Только сейчас заметил Сударый хитрую искорку в глазах Переплета.

— И что? — поторопил он.

Однако домовик не спешил.

— Так я и говорю: свиделись, потолковали, как промеж родных положено. Живут они не тужат, наш дом похвалили, да и своим гордятся. Так-то все у них ладо м, и тяга в печи, и все такое прочее… Ну, в общем, видал я тот портрет, — без всякого перехода объявил Переплет.

— И что с ним?

Подробный ответ домового заставил Сударого рассмеяться, ибо хотя ровно ничего сам по себе не решал, зато подтверждал некоторые догадки… и, кажется, подавал надежду.

Отдыхать Сударому пришлось совсем немного, но проснулся он на удивление бодрым и даже раньше обычного, так что, когда Персефоний прокрался в спальню, чтобы разбудить оптографа традиционным внезапным нападением, Непеняй Зазеркальевич уже повязывал галстук.

— С добрым утром! — поприветствовал он упыря. — Извини, сегодня тренировку придется отложить. Вереда уже пришла?

— Да, кормит своего питомца шоколадом. Кто бы он ни был, по-моему, она его балует.

— Тогда выждем немного, пускай существо спокойно поест. Сколько у нас готовых к работе пластин?

— Пять штук.

— Маловато… Впрочем, помнится, сегодня клиентов немного, успеем сделать, если понадобится.

— Понадобится для чего?

Однако Сударый показал жестом, что не хочет говорить заранее.

— Выбор места и времени дуэли согласно правилам остается за мной? — уточнил он.

— Конечно, ведь вы — сторона вызванная. Вот если бы вы пожелали воспользоваться пистолетами — другое дело, тогда место и время выбирает вызывающая сторона.

— Но ты говорил, что огнестрельным оружием пользоваться на дуэлях запрещено.

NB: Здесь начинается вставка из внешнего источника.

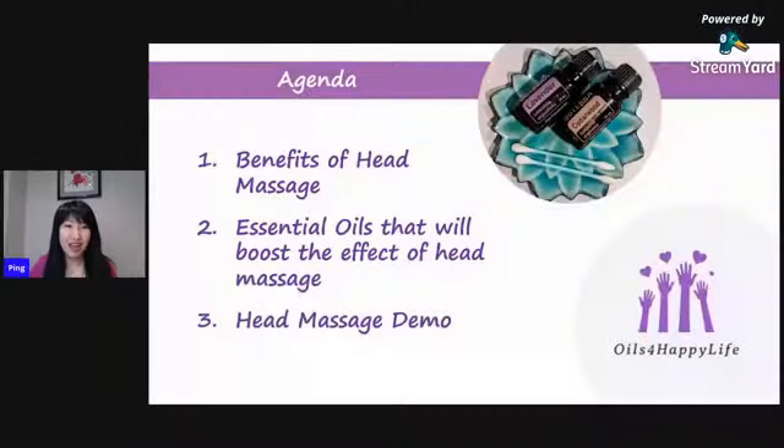Before I show you how to do the head massage, I'd like to show you a few slides explaining the benefits of head massage and why it is effective. I'll also share some examples of essential oils you can use to boost the effect. If you don't have essential oil, not to worry — you can do it without, but essential oil will really boost the effect. Then I will show you how to do the massage. This presentation should take a maximum of half an hour.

— Не совсем так. Разрешено в виде исключения, но не рекомендовано. Да и без рекомендаций мало кто выберет пистолет, ведь в большинстве стран дуэли запрещены, а обеспечить надежную магическую защиту от мошенничества, сохраняя секретность предприятия, практически невозможно. Как помню, последним бретёром, дравшимся исключительно на пистолетах, был известный Жуликомо Козоностро, прирожденный маг и редкостный мошенник.

— Да-да, я как раз вчера о нем читал, — кивнул Сударый. — Только ничего толком не помню…

— Ну, некоторые из его фокусов не принято упоминать… Ловкач был редкий. На что только чары не накладывал: на порох, на кремень, на пыжи. В то время как раз ужесточили правила дуэльного кодекса, маги перед схваткой проверяли все подряд, так Жуликомо, мерзавец, что придумал: накладывал на шомпол «спящие» чары и, уже выйдя к барьеру, требовал перезарядить оружие. Все вокруг, понятное дело, спокойны, а он шепнет словечко — и готово, пуля мимо не пролетит. — Рассказывая, Персефоний увлекся. — В последний раз он стрелялся в Закордонии с неким Франтуаном де Фасоном с пятнадцати шагов. Как обычно, из-за женщины. Зима, а с Козоностро пот ручьем и вообще вид болезненный. Просит он у секунданта своего платок, становясь к барьеру, пот утирает, и вдруг его начинает, простите за подробность, тошнить, да так, что он аж на колени падает. Все, конечно, кричат, мол, поединок надо отменить, а он говорит, что ему уже лучше, только вот капсюль слетел и в снег упал (тогда как раз капсюльные пистолеты в моду вошли). Ему предлагают перезарядить оружие, а он: «Не надо, говорит, вот он!» — поднимает капсюль и насаживает под боек. Потом как ни в чем не бывало выпрямляется и стреляет в противника — бац! — наповал, точно в сердце. Секунданты, конечно, поспорили, но сошлись на том, что правила соблюдены — ведь сигнал к началу дуэли уже был дан, соперники встали к барьеру, а все остальное не более чем случайность.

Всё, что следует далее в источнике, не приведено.